Abstract

Sequential thermal priming, retrogradation, and fermentation were combined to transform unripe banana flour (UBF) into a resistant starch (RS) rich ingredient with reduced glycemic impact suitable for pasta manufacture. Three factors: Box- Behnken design (BBD) assessed thermal priming temperature (TPT) (70 – 90 °C), retrogradation temperature (RT) (12 – 38 °C), and fermentation time (FT) (2 – 12 h), with lactic acid bacteria (LAB) strain (Lactiplantibacillus plantarum and Levilactobacillus brevis) as a categorical factor. Reduced cubic and strain specific quadratic models showed strong predictive performance (R2 ≥ 0.92) for RS, predicted glycemic index (PGI), retrogradation enthalpy (ΔHr) and breakdown ratio (BR).

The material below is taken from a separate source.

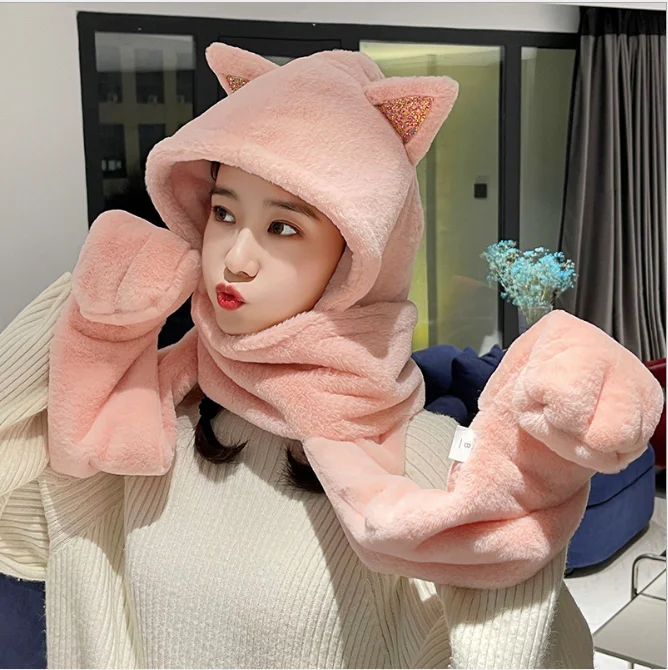 Hat Female Autumn Winter Scarf Hat Gloves One Three Piece Fox Ear Warm Ear Protection Cold Hat Girl Outdoor Grey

At the optimum (70 °C, 25 °C, 2 h), L. brevis favored nutritional gains, with 44.79% more RS and 8.76% lower PGI, whereas L. plantarum improved techno-functional stability, yielding 24.34% higher ΔHr and 18.06% lower BR. These findings demonstrate that combining thermal structuring and controlled fermentation provides a controllable process strategy for producing low-glycemic pasta flour from unripe banana. The defined unit operations and operating setpoints provide a scalable processing basis while helping to maintain the nutrition and techno-functionality balance required for pasta manufacture.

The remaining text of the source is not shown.